_Data block:_
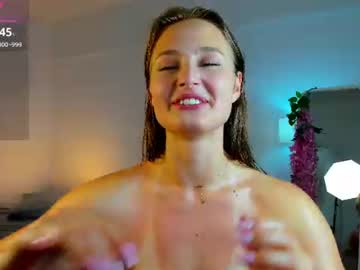 Goal:   Hand bra  | WELCOME TO MY SHOW | 😘 #new #shy #18 #teen #natural [2219 tokens remaining]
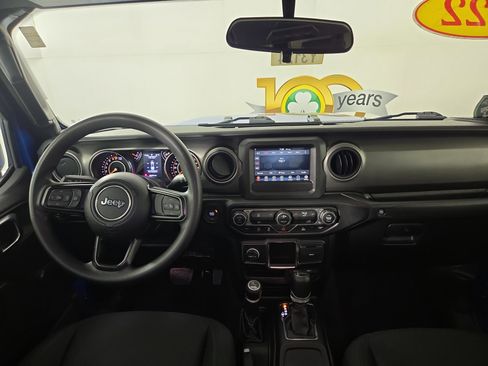 Used 2022 Jeep Gladiator Sport image 12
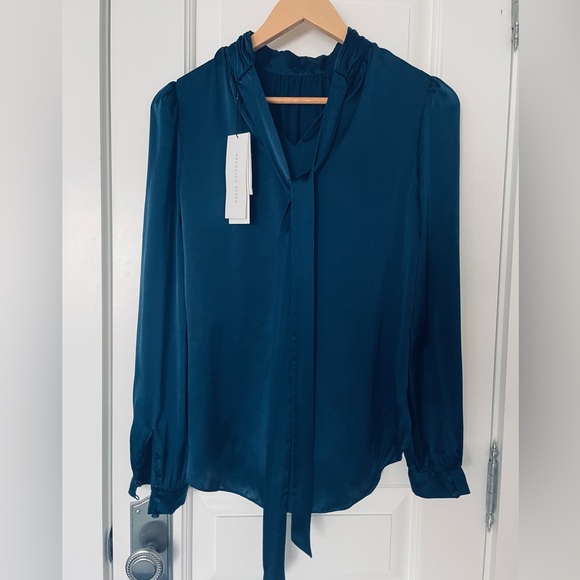 NWT Veronica Beard Neck Bow Tie Silk blouse, size 2 - Picture 5 of 12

_Task objective:_
Please produce an exact copy of the listing, omitting the pictures.

_Result:_
 Goal:   Hand bra  | WELCOME TO MY SHOW | 😘 #new #shy #18 #teen #natural [2219 tokens remaining]
 Used 2022 Jeep Gladiator Sport image 12
 NWT Veronica Beard Neck Bow Tie Silk blouse, size 2 - Picture 5 of 12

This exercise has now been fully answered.